Heute ausnahmsweise mal in meiner Mutter- statt Vatersprache, denn es geht um ein Thema, das primär den deutschsprachigen Raum betrifft. De mortuis nihil nisi bene, sagt man, und meint damit, dass man von den Toten nicht sprechen soll, wenn man nichts Nettes über sie zu sagen hat. Nun dürfte es vielen schwerfallen, etwas Gutes über Jörg Haider zu sagen, und selbst seinen unterbelichteten Anhängern fällt
laut Basler Zeitung nichts wirklich Eloquentes ein. Sprüche an der Unfallstelle wie "Wir leben durch dich!" oder "Danke, dass du mir einmal die Hand gereicht hast" bringen den Schmalspur-Führerkult des dauergrinsenden Caudillo von Kärnten noch einmal auf den Punkt, während das flehentliche "Bitte Jörg, du musst noch einmal vorbeikommen" ein frommer Wunsch bleiben dürfte.
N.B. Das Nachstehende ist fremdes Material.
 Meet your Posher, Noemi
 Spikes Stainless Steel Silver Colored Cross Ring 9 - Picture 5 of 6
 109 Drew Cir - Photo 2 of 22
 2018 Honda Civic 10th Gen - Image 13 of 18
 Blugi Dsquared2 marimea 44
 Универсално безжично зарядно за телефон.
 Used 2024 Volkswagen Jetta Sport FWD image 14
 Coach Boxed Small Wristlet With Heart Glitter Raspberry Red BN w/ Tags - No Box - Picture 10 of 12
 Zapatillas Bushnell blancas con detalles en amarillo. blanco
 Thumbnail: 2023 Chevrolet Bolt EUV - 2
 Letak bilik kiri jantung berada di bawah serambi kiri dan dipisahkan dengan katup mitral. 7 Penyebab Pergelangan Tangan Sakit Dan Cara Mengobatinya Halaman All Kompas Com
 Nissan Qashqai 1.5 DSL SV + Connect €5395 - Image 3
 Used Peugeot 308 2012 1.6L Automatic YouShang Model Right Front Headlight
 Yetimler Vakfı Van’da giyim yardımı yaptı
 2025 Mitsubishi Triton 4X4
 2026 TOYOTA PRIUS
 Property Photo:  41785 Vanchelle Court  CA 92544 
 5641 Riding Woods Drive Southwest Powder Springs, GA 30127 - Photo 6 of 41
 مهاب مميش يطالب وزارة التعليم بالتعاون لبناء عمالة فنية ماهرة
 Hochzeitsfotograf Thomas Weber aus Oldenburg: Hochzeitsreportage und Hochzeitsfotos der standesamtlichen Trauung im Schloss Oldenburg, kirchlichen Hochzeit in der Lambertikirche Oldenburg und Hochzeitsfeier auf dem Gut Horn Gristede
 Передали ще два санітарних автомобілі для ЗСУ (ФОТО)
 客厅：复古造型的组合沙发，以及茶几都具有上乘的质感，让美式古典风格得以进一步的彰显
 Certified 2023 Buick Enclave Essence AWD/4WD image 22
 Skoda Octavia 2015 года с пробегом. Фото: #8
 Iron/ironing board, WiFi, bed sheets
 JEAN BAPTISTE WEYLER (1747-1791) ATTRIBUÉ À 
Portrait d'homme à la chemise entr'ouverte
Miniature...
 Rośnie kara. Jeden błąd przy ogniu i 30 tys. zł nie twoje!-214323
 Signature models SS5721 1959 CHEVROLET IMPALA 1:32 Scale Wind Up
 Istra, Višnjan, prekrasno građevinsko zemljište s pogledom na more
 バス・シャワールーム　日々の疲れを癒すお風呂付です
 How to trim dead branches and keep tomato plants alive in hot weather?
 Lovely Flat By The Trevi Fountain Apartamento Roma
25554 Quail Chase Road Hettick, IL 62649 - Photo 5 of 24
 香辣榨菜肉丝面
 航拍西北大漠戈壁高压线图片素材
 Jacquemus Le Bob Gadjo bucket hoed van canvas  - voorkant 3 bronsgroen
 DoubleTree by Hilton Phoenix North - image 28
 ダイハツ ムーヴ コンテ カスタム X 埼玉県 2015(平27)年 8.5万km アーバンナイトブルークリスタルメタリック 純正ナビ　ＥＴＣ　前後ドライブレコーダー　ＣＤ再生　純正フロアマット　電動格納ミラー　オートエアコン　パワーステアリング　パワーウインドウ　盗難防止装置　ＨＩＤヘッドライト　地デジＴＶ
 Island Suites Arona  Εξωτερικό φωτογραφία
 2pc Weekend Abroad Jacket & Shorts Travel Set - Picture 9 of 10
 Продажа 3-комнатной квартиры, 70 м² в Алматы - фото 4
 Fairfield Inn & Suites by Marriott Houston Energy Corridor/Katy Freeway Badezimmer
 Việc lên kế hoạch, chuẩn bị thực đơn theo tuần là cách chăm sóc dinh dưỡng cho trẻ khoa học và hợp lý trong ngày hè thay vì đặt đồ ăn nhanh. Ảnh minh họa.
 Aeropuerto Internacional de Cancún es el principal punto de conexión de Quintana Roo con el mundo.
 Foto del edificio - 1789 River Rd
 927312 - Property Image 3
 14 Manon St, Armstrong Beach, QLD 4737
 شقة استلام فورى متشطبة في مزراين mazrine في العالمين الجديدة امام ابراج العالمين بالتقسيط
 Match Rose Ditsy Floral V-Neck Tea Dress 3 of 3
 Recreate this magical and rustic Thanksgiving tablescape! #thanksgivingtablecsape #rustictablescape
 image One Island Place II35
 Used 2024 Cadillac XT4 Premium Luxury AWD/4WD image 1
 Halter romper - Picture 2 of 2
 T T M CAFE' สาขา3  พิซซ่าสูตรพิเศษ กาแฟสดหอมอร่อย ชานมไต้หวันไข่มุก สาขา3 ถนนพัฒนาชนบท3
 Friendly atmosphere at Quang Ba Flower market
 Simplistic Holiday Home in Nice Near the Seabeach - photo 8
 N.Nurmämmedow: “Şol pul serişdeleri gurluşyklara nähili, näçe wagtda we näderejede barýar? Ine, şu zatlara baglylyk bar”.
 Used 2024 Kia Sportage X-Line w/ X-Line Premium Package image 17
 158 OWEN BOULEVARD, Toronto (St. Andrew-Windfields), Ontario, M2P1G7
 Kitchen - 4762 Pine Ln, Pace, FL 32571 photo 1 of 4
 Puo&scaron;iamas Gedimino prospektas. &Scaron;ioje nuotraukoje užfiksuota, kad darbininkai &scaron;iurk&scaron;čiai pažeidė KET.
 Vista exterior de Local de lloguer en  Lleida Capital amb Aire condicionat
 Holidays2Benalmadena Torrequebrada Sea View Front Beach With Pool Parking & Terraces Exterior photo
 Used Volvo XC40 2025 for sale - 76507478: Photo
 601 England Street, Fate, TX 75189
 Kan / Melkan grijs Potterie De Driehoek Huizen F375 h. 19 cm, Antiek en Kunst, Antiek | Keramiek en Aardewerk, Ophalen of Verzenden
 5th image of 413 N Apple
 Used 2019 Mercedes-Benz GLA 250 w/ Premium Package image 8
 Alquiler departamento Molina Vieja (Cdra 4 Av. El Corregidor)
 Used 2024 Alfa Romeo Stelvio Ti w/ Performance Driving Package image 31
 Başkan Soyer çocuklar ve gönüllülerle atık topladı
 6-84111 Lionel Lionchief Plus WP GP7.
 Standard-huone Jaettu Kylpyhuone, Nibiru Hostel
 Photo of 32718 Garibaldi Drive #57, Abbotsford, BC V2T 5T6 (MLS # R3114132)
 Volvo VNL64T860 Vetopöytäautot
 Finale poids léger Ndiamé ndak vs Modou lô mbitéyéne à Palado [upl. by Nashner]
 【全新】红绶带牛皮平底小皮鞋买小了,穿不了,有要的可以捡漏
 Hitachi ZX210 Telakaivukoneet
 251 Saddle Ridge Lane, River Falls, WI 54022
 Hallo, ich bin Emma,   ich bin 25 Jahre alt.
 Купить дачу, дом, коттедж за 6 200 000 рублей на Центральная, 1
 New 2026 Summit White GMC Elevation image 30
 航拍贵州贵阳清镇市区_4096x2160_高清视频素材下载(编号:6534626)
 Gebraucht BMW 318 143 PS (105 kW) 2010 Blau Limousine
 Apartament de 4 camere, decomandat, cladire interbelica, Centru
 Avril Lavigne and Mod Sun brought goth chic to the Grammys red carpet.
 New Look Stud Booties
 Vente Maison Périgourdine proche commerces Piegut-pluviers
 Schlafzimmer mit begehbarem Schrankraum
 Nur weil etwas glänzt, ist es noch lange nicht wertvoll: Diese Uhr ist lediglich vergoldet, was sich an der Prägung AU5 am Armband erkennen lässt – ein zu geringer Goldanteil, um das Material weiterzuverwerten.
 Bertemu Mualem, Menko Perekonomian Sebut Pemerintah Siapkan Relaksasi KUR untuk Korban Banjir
Die Umstände von Haiders Tod - als Raser auf der Überholspur - sind von einigen Kommentatoren als bezeichnend für seine politische Karriere gedeutet worden: "Bevor er sich mehrmals überschlug, rammte der VW Phaeton ein Schild mit Tempolimit 50", heisst es in dem obigen Artikel, und wenn man des weiteren darauf hinweist, dass der Jörgl mit 142 km/h unterwegs war, werden wir mal wieder daran erinnert, dass gerade für Law-and-Order-Politiker der Grundsatz gilt: "Do as I say, not as I do," was auch die CSU-Politiker im benachbarten Bayern ein ums andere Mal demonstriert haben - siehe die zahllosen Titanic-"Briefe an die Leser", die sich mit diesem Thema über die Jahre beschäftigt haben.
Apropos Titanic: Natürlich hat sich das
Pflichtblatt für Rechtsabbieger auch mit dem Haider-Exitus in gewohnt pietätvoller Manier beschäftigt. "Rechtsruck in Österreich" war die Schlagzeile bereits am Sonntag, während die folgende Meldung unter dem Titel "Wie Jörg Haider vom rechten Weg abkam" eine Grafik präsentiert, wie wir sie bereits vom Tod der Prinzessin Diana kennen ("1.: Haider blinkt auf der Überholspur mehrere Jahre lang rechts. ... 3.: Haider versucht, das Steuer in Österreich herumzureissen...").
Als ich die erste Meldung von seinem Crash gelesen hatte, war ich zunächst verwirrt, weil ich dachte, es sei dies wieder ein Haiderscher PR-Stunt, genauer: eine neue Runde im
Streit über slowenisch- und deutschsprachige Strassenschilder gewesen, mit dem der Landeshauptmann immer wieder bei den Deppen und Arschgeigen unter den Wählern in seinem Bundesland zu punkten wusste:
Mit dem Umsetzen des Schildes will Haider erreichen, dass das Verfahren vor dem Verfassungsgericht neu aufgerollt werden muss (...) Ausgelöst hatte das Verfahren in Wien ein Anwalt aus Klagenfurt. Der bekennende Slowene war mit überhöhter Geschwindigkeit durch eine geschlossene Ortschaft gefahren, wurde geblitzt und bezahlte sein Strafmandat nicht. Das Ortsschild, das auch in Österreich "Tempo 50" bedeutet, sei, weil einsprachig, nicht korrekt und das Tempo-Limit somit nicht rechtmäßig gewesen.
Dies schien mir dann aber eher nicht plausibel, zumal Populisten vom Schlage eines J.H. solche Kampagnen ja meistens eher auf dem Rücken anderer austragen, anstatt selber mit gutem Beispiel voranzugehen bzw. zu -fahren.
So bleibt Haiders Tod letzlich komplett sinnfrei und schliesst auch in dieser Hinsicht nahtlos an sein Leben an. Nur eines blieb mir in der ganzen Berichterstattung völlig unerklärlich: "Öfters fällt das Schlagwort von 'Kärntens 9/11'", so die BAZ - wieso? Erstens war Haider kein Muslim, und zweitens ist er nur in die Leitplanke und nicht in ein Hochhaus gebrettert.